** Opening Data block **

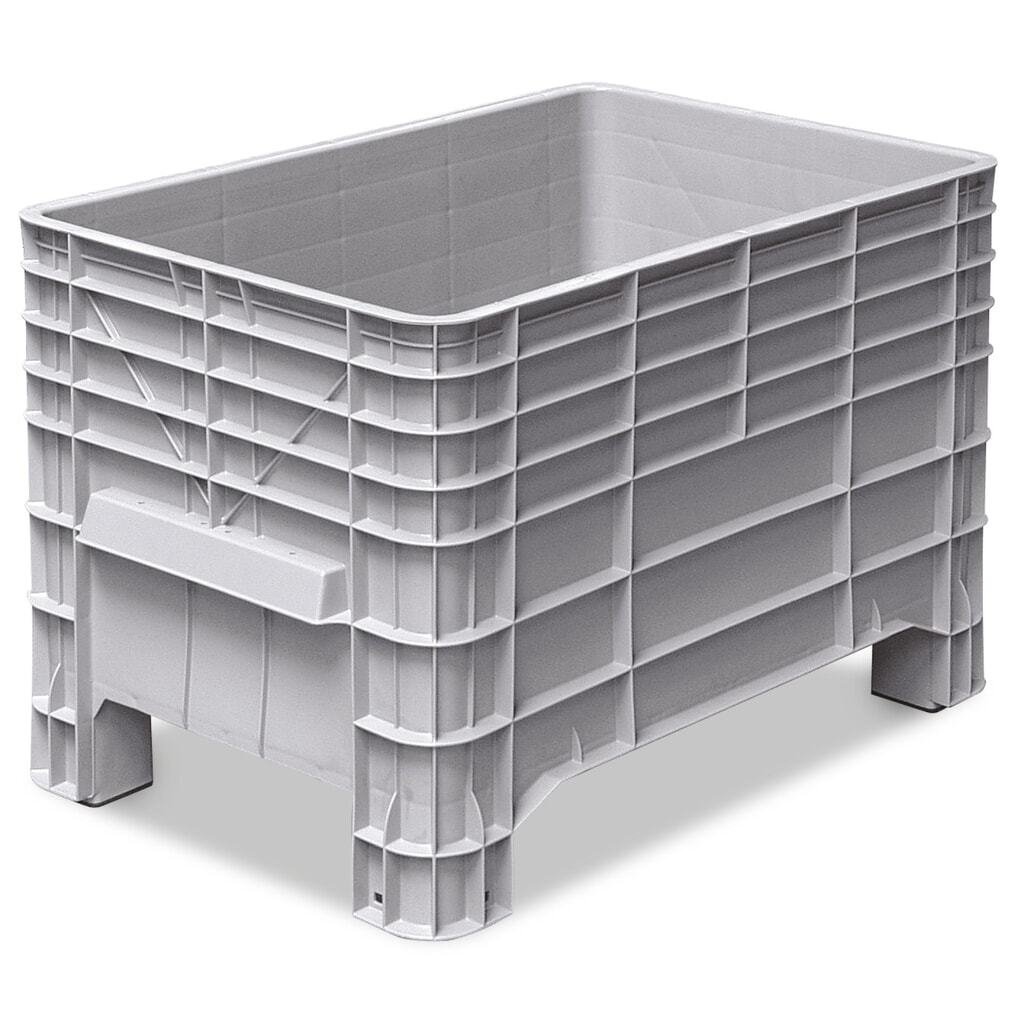 Velký zásobník z polyetylenu, s patkami + madlo Obrázek produktu: Velký zásobník z polyetylenu, s patkami + madlo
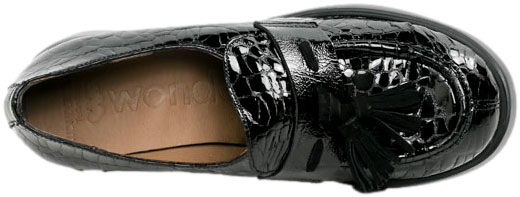 Mokasyny Wonders E-7141 Gakil Negro Lack Negro Skóra Naturalna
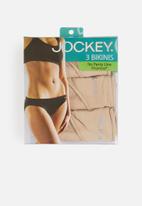 Jockey - 3 Pack no panty line bikini - powder beige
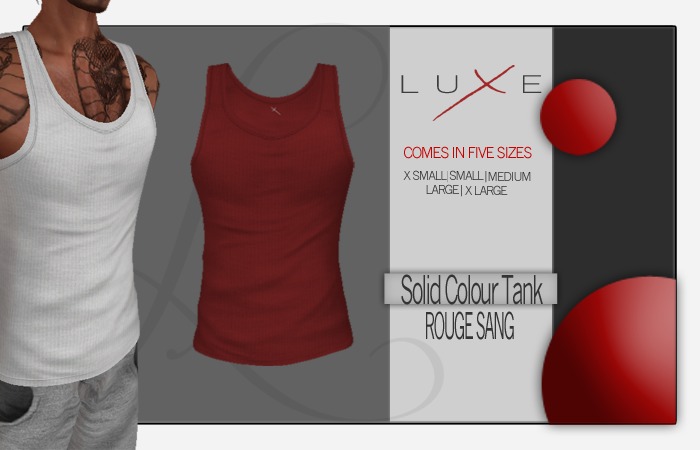-LUXE- Wife Beater - Rouge Sang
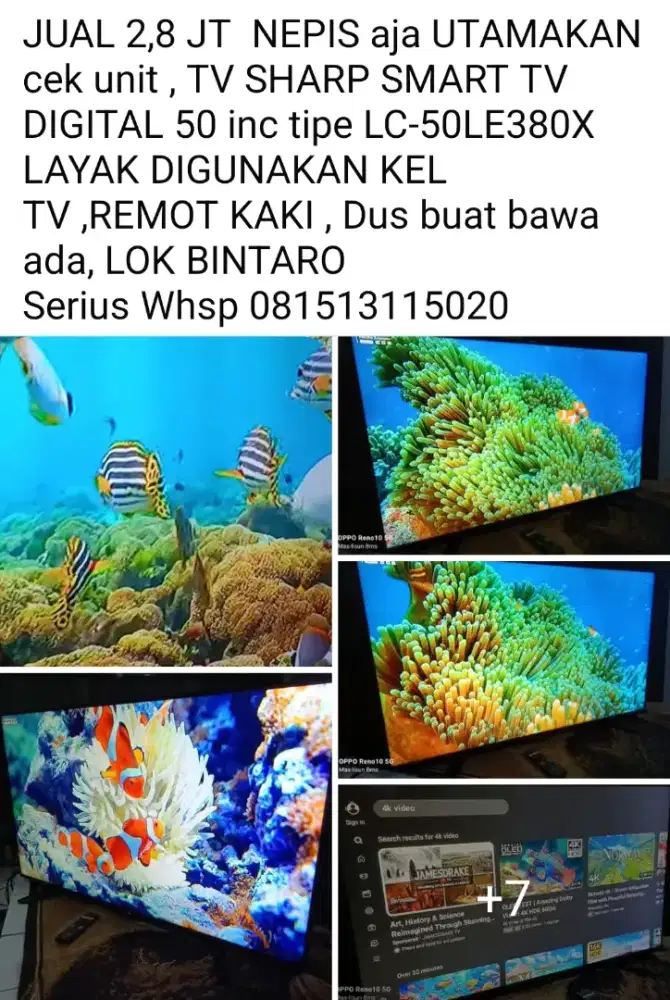 TV SHARP SMART TV DIGITAL 50 inc tipe LC-50LE38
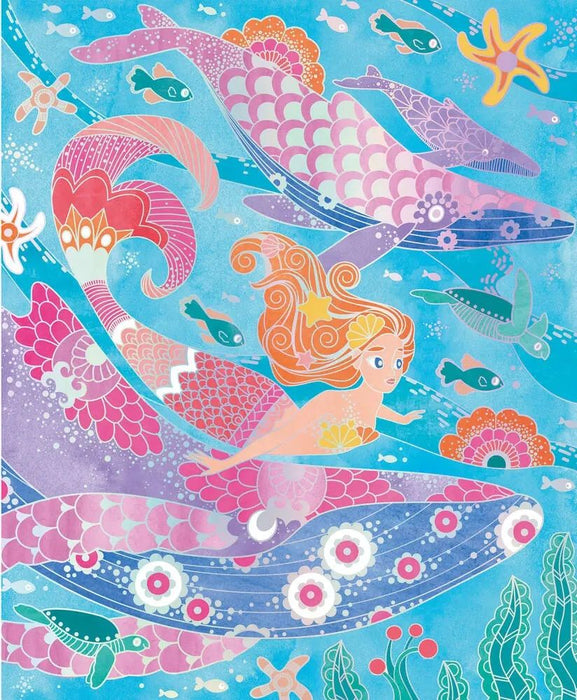 Творчески комплект Janod - Magic Ocean, акварелни рисунки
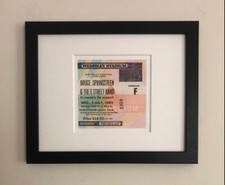 BRUCE SPRINGSTEEN- 1985 Wembley Stadium , London framed ticket giclee print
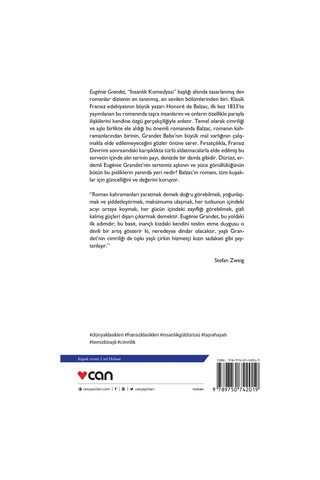 Eugénie Grandet - Honore De Balzac  - Can Yayınları
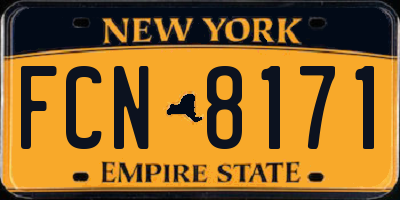 NY license plate FCN8171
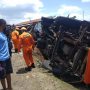 Nahas, Truk Terguling Hampir Tabrak Rumah Warga, Korban Ditemukan Tewas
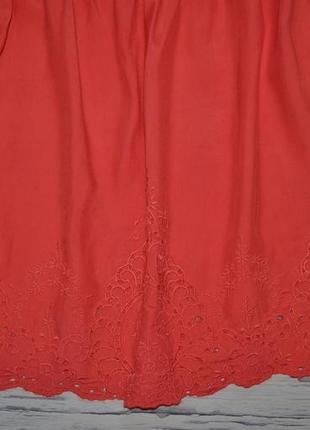 14/xl фирменное натуральное платье мидди летний сарафан с выбитым кружевом new look5 фото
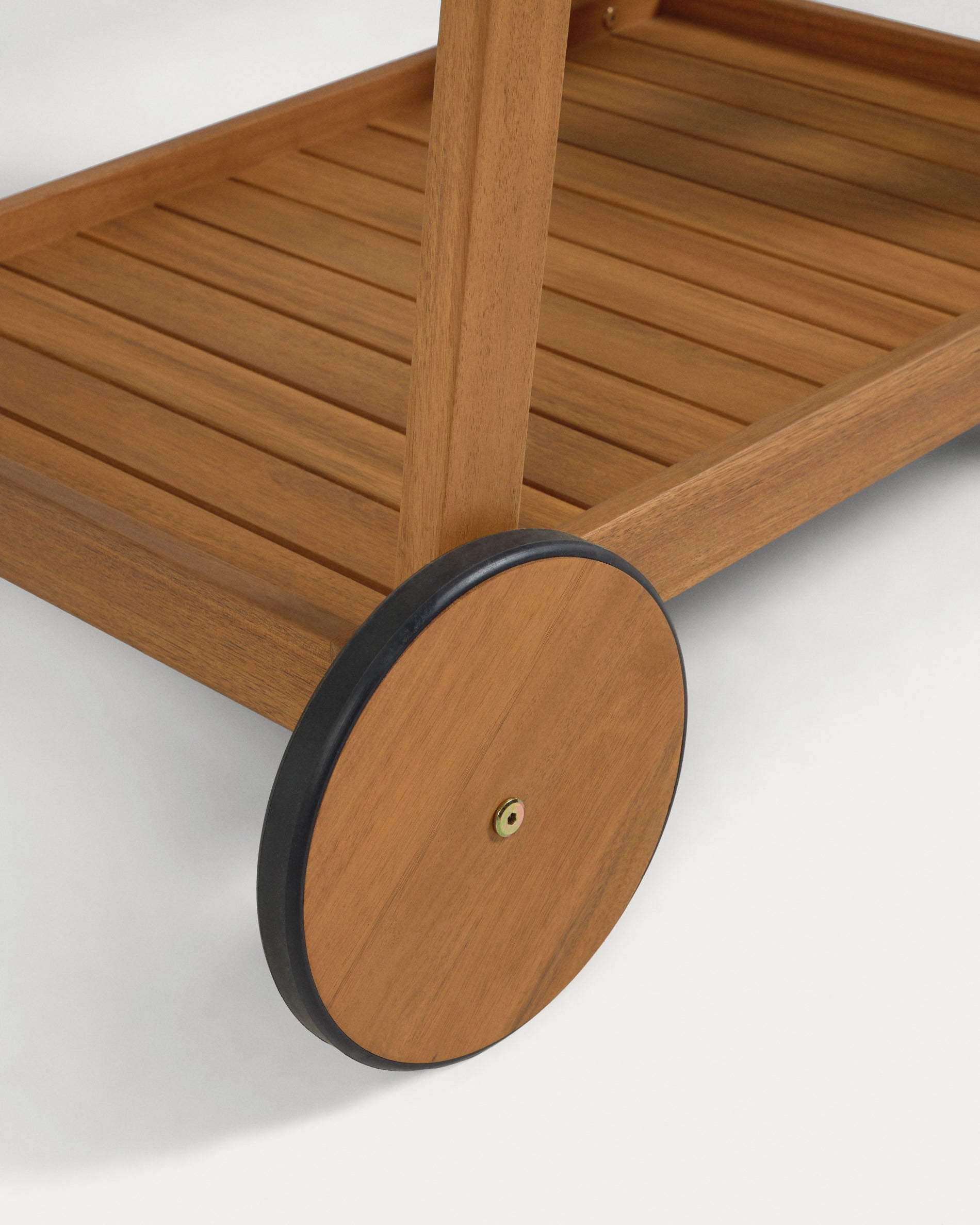 Felisa solid acacia hostess trolley FSC 100% - Detail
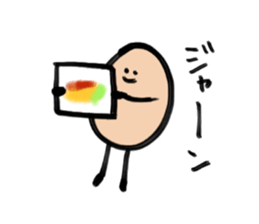 Sticker of Mr. egg sticker #15763816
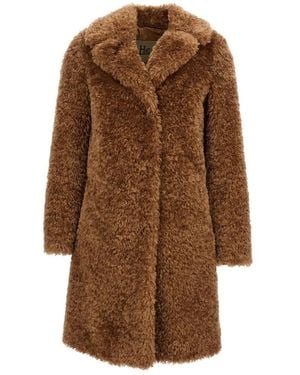 Herno Jassen ,Bruin ,Nepbont Nepbont & Shearling Jassen
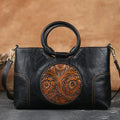 Shoulder Bag Handmade Leather Vintage Embossed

** Closing Data block **

Reproduce exactly the lines above starting at the line containing "TV SHARP SMART" and ending at the line containing "Eugénie Grandet - Honore", including both, but not the pictures.

 TV SHARP SMART TV DIGITAL 50 inc tipe LC-50LE38
 Творчески комплект Janod - Magic Ocean, акварелни рисунки
 BRUCE SPRINGSTEEN- 1985 Wembley Stadium , London framed ticket giclee print
 Eugénie Grandet - Honore De Balzac  - Can Yayınları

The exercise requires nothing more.